- _Exercise_: Return all the lines below in which the string "Nissan" appears.

Collected data entries:
####

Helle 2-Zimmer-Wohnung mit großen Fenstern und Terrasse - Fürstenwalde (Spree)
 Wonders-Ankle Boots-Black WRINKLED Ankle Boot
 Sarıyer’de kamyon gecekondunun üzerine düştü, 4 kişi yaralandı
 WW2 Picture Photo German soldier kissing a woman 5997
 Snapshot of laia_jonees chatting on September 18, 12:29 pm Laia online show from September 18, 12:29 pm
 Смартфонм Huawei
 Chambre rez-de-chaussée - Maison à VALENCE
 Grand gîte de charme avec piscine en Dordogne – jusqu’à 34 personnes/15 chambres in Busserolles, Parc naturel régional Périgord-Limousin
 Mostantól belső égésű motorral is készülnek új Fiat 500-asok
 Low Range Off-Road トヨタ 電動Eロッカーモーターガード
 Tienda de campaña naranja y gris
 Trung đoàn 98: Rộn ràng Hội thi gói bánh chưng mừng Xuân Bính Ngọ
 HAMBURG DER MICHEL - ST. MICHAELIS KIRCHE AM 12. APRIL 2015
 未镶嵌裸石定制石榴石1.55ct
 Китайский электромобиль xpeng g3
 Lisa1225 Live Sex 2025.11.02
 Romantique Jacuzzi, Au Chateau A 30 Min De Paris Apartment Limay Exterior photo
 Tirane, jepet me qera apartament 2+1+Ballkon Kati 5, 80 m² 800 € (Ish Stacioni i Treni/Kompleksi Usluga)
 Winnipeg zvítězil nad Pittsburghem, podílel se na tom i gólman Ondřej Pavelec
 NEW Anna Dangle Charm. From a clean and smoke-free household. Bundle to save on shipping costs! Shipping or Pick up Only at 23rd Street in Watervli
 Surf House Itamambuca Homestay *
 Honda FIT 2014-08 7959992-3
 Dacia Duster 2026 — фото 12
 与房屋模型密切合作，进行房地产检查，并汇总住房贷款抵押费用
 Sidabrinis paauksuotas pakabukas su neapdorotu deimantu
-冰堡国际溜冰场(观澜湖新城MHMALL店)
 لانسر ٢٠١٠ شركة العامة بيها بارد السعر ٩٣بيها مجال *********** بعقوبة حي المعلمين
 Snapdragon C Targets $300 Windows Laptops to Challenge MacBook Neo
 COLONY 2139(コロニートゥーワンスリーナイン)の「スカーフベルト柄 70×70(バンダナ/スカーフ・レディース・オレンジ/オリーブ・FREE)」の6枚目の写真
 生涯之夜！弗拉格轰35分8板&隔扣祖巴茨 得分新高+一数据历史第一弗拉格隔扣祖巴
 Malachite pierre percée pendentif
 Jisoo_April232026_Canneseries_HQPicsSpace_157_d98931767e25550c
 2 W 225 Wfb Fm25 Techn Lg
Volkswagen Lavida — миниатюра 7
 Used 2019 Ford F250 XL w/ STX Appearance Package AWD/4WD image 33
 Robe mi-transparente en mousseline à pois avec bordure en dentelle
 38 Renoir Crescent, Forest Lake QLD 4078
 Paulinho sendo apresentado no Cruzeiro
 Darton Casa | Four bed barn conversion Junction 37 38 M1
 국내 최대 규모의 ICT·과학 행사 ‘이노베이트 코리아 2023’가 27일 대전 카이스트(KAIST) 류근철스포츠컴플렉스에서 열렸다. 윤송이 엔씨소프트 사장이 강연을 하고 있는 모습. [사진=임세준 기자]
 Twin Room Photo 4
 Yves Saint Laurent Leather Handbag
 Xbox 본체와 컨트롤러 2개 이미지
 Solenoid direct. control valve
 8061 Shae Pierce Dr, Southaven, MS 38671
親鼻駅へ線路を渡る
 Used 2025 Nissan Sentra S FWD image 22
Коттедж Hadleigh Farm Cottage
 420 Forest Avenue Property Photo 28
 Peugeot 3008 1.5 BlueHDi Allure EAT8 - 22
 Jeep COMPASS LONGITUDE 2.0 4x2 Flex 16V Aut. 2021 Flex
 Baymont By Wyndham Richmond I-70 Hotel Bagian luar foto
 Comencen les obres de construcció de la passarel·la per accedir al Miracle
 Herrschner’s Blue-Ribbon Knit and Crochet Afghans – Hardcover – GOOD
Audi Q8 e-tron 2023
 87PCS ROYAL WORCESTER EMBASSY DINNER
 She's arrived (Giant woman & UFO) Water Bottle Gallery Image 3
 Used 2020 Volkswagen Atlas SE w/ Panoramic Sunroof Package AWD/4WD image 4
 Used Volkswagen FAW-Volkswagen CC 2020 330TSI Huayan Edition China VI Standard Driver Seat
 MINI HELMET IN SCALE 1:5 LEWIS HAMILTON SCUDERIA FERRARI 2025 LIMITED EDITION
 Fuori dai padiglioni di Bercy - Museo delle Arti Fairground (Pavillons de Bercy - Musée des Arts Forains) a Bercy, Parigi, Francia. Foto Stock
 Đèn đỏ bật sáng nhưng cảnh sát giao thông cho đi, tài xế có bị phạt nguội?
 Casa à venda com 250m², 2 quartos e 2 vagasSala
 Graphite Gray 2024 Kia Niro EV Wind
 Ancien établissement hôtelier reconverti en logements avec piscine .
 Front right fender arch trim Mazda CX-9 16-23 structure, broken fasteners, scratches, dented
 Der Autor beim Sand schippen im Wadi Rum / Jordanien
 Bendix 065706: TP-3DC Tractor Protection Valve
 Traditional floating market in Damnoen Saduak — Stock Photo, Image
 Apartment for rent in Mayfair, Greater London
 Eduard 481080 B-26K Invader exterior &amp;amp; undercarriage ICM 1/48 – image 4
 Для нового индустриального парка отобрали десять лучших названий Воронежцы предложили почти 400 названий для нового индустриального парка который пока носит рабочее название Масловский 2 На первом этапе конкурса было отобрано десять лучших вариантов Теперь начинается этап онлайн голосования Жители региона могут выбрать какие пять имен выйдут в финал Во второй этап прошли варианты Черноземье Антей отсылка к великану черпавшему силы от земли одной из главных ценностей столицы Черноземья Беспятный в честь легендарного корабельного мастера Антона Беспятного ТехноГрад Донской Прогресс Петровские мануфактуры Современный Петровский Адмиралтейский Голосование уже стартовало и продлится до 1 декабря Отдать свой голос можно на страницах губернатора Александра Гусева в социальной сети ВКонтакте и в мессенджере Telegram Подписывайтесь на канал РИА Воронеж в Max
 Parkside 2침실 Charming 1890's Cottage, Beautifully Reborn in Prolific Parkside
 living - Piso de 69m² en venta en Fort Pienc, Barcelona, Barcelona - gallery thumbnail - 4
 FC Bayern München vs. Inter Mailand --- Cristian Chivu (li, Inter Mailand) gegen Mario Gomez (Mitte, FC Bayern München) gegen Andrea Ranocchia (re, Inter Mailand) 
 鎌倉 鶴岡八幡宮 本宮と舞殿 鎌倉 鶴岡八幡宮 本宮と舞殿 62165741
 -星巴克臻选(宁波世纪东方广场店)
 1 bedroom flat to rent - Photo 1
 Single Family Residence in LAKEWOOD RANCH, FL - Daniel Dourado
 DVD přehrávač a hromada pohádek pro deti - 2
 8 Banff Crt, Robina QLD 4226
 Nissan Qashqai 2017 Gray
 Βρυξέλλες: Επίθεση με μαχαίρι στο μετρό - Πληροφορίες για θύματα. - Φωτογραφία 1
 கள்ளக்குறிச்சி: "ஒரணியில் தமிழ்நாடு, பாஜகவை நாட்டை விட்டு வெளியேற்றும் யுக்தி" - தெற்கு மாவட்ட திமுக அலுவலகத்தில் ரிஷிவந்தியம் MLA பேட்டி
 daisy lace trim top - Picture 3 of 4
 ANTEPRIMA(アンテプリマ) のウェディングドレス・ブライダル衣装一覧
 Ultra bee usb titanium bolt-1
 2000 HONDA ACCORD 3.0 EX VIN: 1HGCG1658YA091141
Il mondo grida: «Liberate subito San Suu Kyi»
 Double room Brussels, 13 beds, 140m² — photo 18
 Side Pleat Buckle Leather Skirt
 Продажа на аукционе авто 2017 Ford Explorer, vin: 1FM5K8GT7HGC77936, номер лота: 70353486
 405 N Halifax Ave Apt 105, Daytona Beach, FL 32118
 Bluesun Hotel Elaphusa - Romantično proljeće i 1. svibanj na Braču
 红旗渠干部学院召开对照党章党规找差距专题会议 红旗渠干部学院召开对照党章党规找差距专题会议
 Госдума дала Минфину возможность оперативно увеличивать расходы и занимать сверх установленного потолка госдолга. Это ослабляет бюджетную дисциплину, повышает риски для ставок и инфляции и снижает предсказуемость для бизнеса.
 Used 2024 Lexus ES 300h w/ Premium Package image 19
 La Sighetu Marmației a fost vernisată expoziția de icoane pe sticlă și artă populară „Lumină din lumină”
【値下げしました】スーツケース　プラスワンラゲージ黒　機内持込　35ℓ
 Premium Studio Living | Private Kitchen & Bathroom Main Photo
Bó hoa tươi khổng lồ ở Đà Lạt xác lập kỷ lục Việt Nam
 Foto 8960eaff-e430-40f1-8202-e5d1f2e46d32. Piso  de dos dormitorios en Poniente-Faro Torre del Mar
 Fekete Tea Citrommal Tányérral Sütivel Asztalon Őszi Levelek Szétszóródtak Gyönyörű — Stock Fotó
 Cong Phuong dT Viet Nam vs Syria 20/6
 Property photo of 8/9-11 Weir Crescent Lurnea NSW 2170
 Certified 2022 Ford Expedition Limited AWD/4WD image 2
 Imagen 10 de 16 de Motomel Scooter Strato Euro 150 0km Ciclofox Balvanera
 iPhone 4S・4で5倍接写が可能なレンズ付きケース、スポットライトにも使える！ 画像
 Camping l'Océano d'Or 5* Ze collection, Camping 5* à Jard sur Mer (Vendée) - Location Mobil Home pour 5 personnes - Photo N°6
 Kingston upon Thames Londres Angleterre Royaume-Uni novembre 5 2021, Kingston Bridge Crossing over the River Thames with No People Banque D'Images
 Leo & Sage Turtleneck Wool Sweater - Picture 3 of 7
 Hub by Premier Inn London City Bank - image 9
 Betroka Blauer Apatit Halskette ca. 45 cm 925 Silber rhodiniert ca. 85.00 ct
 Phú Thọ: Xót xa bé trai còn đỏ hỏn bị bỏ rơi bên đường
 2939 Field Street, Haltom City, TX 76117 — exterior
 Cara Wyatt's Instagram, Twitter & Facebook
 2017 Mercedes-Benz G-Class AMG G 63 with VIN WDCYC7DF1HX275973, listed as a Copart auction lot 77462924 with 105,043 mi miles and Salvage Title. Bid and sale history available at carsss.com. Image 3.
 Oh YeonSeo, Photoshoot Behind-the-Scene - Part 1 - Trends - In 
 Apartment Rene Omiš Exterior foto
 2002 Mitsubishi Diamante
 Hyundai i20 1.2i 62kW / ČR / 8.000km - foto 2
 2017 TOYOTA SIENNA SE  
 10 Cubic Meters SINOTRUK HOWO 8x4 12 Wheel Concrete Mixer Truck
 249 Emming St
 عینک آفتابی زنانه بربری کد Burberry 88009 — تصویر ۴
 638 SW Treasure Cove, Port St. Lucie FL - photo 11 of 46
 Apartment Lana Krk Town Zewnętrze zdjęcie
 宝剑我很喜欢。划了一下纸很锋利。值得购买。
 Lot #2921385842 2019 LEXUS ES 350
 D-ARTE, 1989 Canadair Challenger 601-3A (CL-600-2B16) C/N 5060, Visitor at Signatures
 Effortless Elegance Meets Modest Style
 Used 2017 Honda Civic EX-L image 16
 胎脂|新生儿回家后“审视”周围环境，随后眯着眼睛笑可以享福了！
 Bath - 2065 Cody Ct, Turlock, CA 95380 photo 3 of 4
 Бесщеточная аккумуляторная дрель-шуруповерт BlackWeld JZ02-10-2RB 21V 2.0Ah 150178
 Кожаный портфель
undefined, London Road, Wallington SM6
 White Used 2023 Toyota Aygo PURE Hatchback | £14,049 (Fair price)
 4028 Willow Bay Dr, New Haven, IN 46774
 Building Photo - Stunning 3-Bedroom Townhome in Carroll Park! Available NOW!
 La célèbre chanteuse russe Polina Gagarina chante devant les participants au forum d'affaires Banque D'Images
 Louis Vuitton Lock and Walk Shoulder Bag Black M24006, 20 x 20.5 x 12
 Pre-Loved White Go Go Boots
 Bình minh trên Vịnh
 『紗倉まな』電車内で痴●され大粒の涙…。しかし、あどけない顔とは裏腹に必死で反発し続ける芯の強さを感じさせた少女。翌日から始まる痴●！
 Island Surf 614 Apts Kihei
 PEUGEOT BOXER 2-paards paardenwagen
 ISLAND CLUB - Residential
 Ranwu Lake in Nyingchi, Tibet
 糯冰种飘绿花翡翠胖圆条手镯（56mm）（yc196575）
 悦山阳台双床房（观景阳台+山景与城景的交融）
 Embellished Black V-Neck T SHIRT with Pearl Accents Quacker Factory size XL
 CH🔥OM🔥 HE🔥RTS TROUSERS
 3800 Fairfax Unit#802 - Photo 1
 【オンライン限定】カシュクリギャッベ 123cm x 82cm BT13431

####

- _Expected answer_:
 Used 2025 Nissan Sentra S FWD image 22
 Nissan Qashqai 2017 Gray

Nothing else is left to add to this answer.